Malgré l’abondance des définitions données par les uns et les autres, le terme de thésaurus demeure assez vague. Les frontières entre les différents types de langages documentaires ont tendance à s’estomper et certains professionnels des sciences de l’information ont parfois tendance à faire l’amalgame entre plusieurs notions :

Thésaurus et dictionnaire : le thésaurus est souvent perçu par les non-spécialistes comme un dictionnaire. La différence est assez simple, le thésaurus n’a pas pour vocation d’être aussi exhaustif et le dictionnaire ne comporte pas de relations entre les termes excepté la synonymie. Dans un dictionnaire, le mot est le point de départ et on en dégage plusieurs concepts, dans le cas du thésaurus, c’est l’inverse, le concept est décrit par plusieurs termes.

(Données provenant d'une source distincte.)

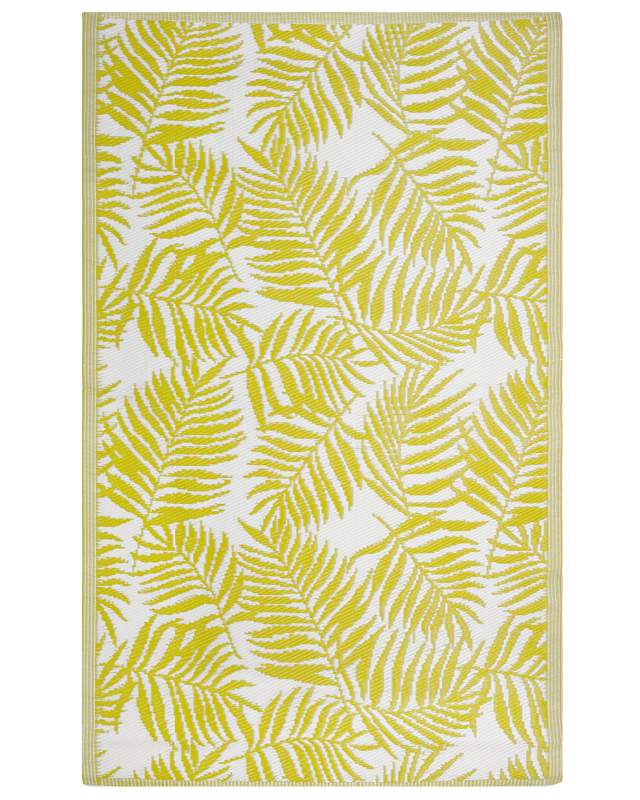 Outdoor Rug Mat Yellow Synthetic 120 x 180 cm Palm Leaf Floral Pattern Eco Friendly Modern Beliani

Thésaurus et glossaire : le but d’un glossaire est d’apporter des définitions à des termes dans un domaine donné. Même si un thésaurus est lui aussi un ensemble de vocables rattaché à une spécialité, il n’y a pas d’obligation de spécifier le sens de certains mots par une définition, même si les auteurs sont formellement invités à le faire.

Thésaurus et liste de vedettes-matière : la distinction principale entre ces deux notions réside dans le fait qu’une liste de vedettes-matière a été conçue pour cataloguer une collection documentaire et qu’un thésaurus a pour objectif d’indexer un corpus de documents. L’unité de base de la liste est la vedette, soit un sujet qui regroupe plusieurs concepts tandis que celle du thésaurus est le descripteur qui ne renvoie qu’à un seul concept. En outre, la liste de vedettes-matière est essentiellement destinée au bibliothécaire tandis que le thésaurus offre un double usage documentaliste/usager.

Thésaurus et taxonomie : la différence est bien plus ténue. L’on peut dire que le degré de précision sera l’élément clé pour distinguer les deux langages documentaires. Un thésaurus est supposé être bien plus riche qu’une taxonomie qui n’est à la base qu’une classification.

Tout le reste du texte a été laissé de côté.